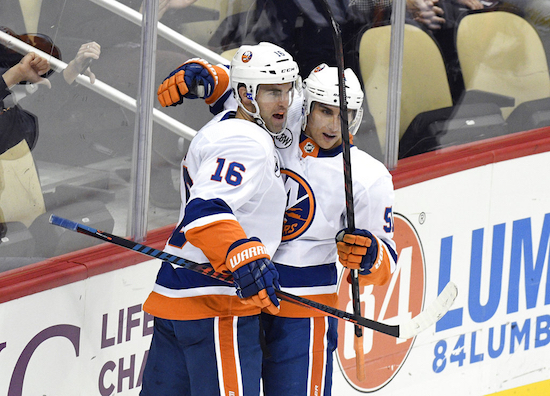 New York Islanders left wing Andrew Ladd (16) celebrates with New York Islanders center Valtteri Filppula (51) after scoring a goal against the Pittsburgh Penguins during the first period of an NHL hockey game in Pittsburgh, Tuesday, Oct. 30, 2018. AP Photo/Don Wright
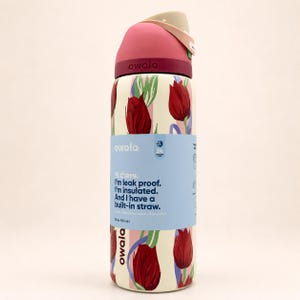 May include: An Owala 32 oz. insulated water bottle with a cream-colored base featuring a red tulip pattern. The lid is dark pink with a beige flip-top. A light blue paper band wraps around the center with the text: Hi there. I'm leak proof.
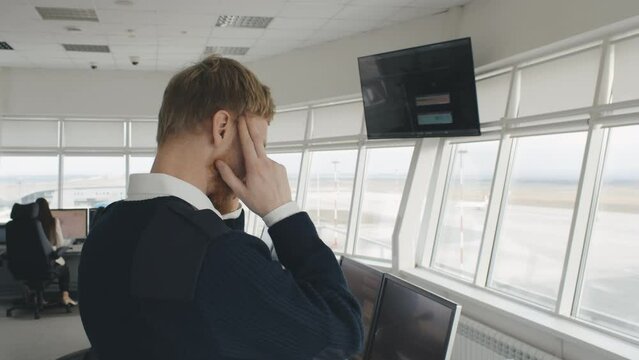 Air traffic control officer having headache working in airport tower. Realtime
::::::::
A word-for-word copy of the listing is needed. It must not include the pictures.

Response to the task -
 New York Islanders left wing Andrew Ladd (16) celebrates with New York Islanders center Valtteri Filppula (51) after scoring a goal against the Pittsburgh Penguins during the first period of an NHL hockey game in Pittsburgh, Tuesday, Oct. 30, 2018. AP Photo/Don Wright
 May include: An Owala 32 oz. insulated water bottle with a cream-colored base featuring a red tulip pattern. The lid is dark pink with a beige flip-top. A light blue paper band wraps around the center with the text: Hi there. I'm leak proof.
 Air traffic control officer having headache working in airport tower. Realtime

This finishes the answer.